Если художественная литература охватывает связи человека с миром во всей совокупности (хотя в разных видах и жанрах с неодинаковой полнотой), то ее научно-фантастическая ветвь избирает преимущественно отношение человека к научно-индустриальной культуре. Если сформулировать объект научной фантастики в самом общем виде, это прежде всего взаимодействие научно-технического прогресса с человеком. Свою человековедческую задачу она осуществляет, таким образом, в более узком секторе действительности. Но возрастающее значение научно-фантастической литературы в том, что наука и научное мышление все шире охватывают мир, в котором мы живем. Ефремов высказал предположение, что «бытовой» и научно-фантастический потоки художественной литературы когда-то сольются. Предпосылку он видит в более глубоком и всеобщем проникновении научного сознания в художественно-практическое мышление.[13]
Но пока что научная фантастика не аналогична будущему синтезу художественного и научного познания. Ее художественная система двойственна, в ней используются два различных ряда образов: конкретный — и отвлеченный, эмоциональный — и интеллектуальный. Но взывает она (в отличие от ненаучной фантастики, которая опирается на сказочно-поэтическую условность) все-таки преимущественно ко второму, рационалистичному (или, может быть, интеллектуальному). Она как бы учитывает, что в эмоциональность современного человека интенсивнейше вторгается рационализм научного мироотношения. Выверка чувств разумом переходит в рефлекс, и есть основание полагать, что эта тенденция — надолго, ибо она — и следствие, и условие нормального взаимоотношения человека с усложняющейся цивилизацией. Вот почему до «физиков» лучше доходит не только научный смысл, но и специфичная «лирика» интеллектуализма, которую «лирики по профессии» хотели бы видеть в научной фантастике помимо фантастических идей.

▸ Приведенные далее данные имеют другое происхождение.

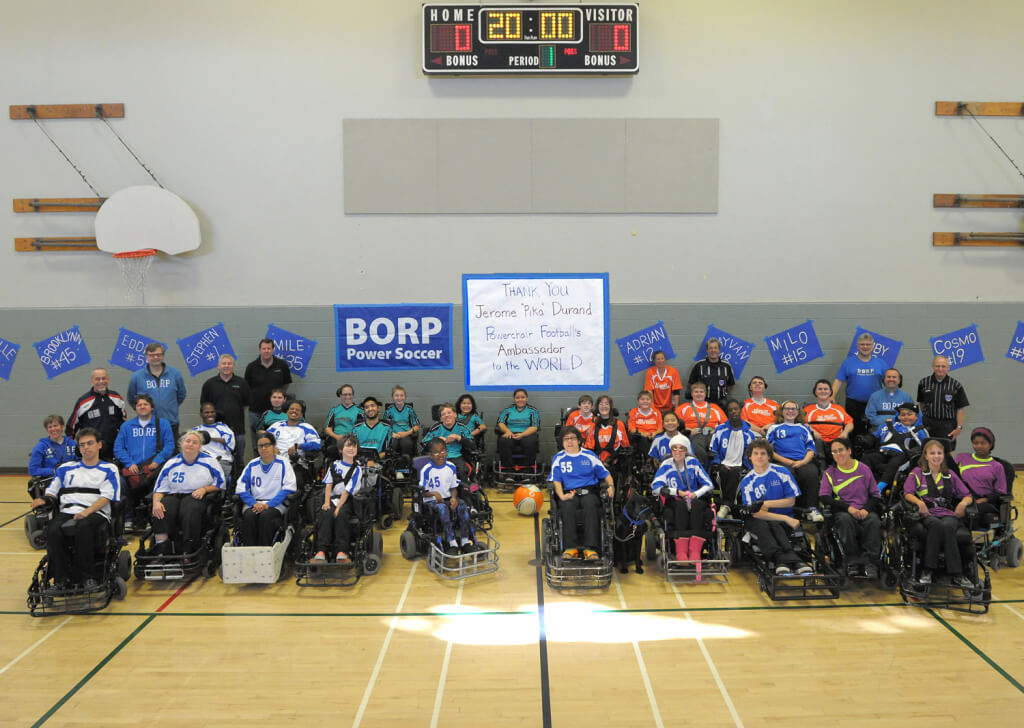 Players from the Nov. 15/16, 2014 Power Soccer tournament in Berkeley pose for a group photo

В «Туманности Андромеды» есть характерное словосочетание «вектор дружбы». Это не словесная дань «физикам», а одна из идей романа. В коммунистическом мире, когда семья перестанет быть экономической ячейкой и производственные связи тоже не всегда будут надолго объединять людей (перемена профессии, постоянные перемещения), узы тесной личной дружбы должны уравновесить растворение индивида в человечестве. Вектор дружбы, таким образом, — не столько личная радиосвязь, сколько тесная духовная близость. Слово, казалось бы, ведущее к математике (вектор — точно определенная и строго направленная величина), в контексте романа символизирует двуединость коллективизма при коммунизме: всеобщность братства и ценность индивидуального человека. И эта диалектика закодирована в соединении научного термина с эмоциональным общечеловеческим понятием. Стилистика образа восходит к фантастическим идеям романа.
Зависимость бытового ряда образов от фантастической идеи отмечал еще Уэллс. Говоря, что художественные «подробности надо брать из повседневной действительности»,[14] он подчеркивал, что затем следует сохранять «самую строгую верность фантастической посылке», ибо всякая лишняя выдумка, выходящая за пределы фантастической посылки, «придает целому оттенок глупого сочинительства».[15] А так как возможность черпать готовые детали из живой действительности у фантаста ограничена, он формирует фантастические детали, точно так же как и фантастические идеи, — по принципу экстраполяции. Исходная идея замысла обрастает таким образом художественной плотью как бы из самой себя — подобно тому, как считанные молекулы генов развертываются в запрограммированный в них организм.
Если невыдуманные, взятые из жизни детали нет надобности обосновывать, то для чисто фантастических главным обоснованием служит сама логика вымысла.